La mesure qu’il convient d’observer en toutes choses me fait écrire ici rival à la place de maître, quoique ce dernier titre lui eût certes, mieux convenu. Honni soit qui mal y pense ! Loin de moi la pensée de démolir la renommée de M. Sherlock Holmès au bénéfice de M. William Hopkins, car c’est William Hopkins que se nomma le rival du héros de l’aventure de l’homme à la lèvre retroussée ! Là n’est pas mon but, certes, mais cette renommée doit-elle m’empêcher de faire accorder à M. William Hopkins la part de gloire qui, si tardivement, hélas ! lui sera peut-être décernée par la postérité ?

Je ne le pense pas.

C’est là ce qui fait l’objet de ce récit.

Qu’on ne s’y trompe pas : l’historique « chacun pour soi » n’a pas cessé d’être vrai de nos jours. Cependant M. William Hopkins donna toute sa vie tort à la locution et prit pour lui, la devise « Chacun pour tous ». J’y reviendrai plus tard.

Aujourd’hui, dans ce préambule nécessaire au récit de quelques mystérieuses aventures, il me suffira de dire que je fus pendant trente ans l’ami, le confident de M. William Hopkins, comme le docteur Watson fut l’ami et le confident de Sherlock Holmès dans le petit appartement du célibataire de Baker Street.

Je n’en parle évidemment que par ouï-dire et de par le récit et les confidences qu’en fit, on le sait amplement, le docteur Watson lui-même.

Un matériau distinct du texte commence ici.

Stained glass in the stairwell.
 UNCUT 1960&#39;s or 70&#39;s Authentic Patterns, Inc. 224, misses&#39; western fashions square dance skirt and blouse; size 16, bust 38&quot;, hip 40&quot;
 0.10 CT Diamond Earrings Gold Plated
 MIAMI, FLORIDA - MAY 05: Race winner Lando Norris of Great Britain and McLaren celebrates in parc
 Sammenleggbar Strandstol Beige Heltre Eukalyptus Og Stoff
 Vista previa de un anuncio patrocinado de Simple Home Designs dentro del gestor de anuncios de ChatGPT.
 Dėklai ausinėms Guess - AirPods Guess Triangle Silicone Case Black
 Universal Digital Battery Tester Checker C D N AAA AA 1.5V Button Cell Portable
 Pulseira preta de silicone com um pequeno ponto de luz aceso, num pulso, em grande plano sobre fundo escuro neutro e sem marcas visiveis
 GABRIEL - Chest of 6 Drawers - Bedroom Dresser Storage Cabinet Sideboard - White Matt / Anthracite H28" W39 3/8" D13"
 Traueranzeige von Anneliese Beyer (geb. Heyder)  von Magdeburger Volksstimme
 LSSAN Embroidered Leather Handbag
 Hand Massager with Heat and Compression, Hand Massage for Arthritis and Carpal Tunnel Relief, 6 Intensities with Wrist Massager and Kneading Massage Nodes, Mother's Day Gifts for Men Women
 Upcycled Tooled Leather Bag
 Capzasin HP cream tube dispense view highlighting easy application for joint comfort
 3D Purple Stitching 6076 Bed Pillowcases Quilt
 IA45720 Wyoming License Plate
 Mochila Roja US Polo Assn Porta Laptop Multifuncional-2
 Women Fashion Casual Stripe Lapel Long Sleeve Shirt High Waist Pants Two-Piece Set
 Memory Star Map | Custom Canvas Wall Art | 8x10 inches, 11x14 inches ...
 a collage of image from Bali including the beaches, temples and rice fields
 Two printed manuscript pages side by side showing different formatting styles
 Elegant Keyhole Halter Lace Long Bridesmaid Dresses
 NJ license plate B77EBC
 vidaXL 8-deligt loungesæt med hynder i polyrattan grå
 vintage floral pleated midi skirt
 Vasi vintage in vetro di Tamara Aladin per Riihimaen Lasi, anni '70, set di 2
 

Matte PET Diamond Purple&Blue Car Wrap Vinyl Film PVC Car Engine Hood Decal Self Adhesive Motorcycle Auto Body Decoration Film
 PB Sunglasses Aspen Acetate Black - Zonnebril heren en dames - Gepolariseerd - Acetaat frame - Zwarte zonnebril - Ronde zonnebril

Je ne connus aucun de ces deux amis, car jamais je ne voyageai dans les îles de la Grande-Bretagne, et toujours en Amérique s’écoula le cours calme et régulier de ma vie active, dans l’ombre un peu agitée et souvent mouvementée de M. William Hopkins. C’est pourquoi cette ressemblance entre le docteur Watson et moi ne manqua pas de me frapper ; cependant si je la signale ici fidèlement, exactement, je ne veux en tirer aucune vanité, ni y attacher une importance superflue. Connais-toi toi-même, affirme le sage, et le sage a raison. L’esprit de réflexion qui m’est naturel, m’apprit à me connaître et, par la même occasion, me fait connaître le héros dont je me fais aujourd’hui le bénévole historien sans orgueil et sans vanité.

C’est donc un simple travail de reportage que je livre ce jour au public qui ignora toujours l’homme à qui quelques grands criminels durent d’être livrés à la cour suprême de Baltimore, de New-York, de Washington ou de Philadelphie.

J’ose espérer que grâce à ce travail, cette grande figure inconnue du rival de M. Sherlock Holmès sortira quelque peu de l’ombre où la modestie et la misanthropie la renfermèrent. Qu’on me pardonne de me mettre quelquefois en scène, mais souvent cela fut indispensable à l’intelligence et à la clarté du récit. Ma vanité n’a que faire de cela et je la sacrifie avec plaisir et non sans agrément à la mémoire de M. William Hopkins dont je puis dire, je pense, que puisqu’il a été à la peine, il sera à l’honneur.

James D. Sanfield, junior.-----
Ex-Ingénieur---------------
de la Western-Road Aluminium Co Limited.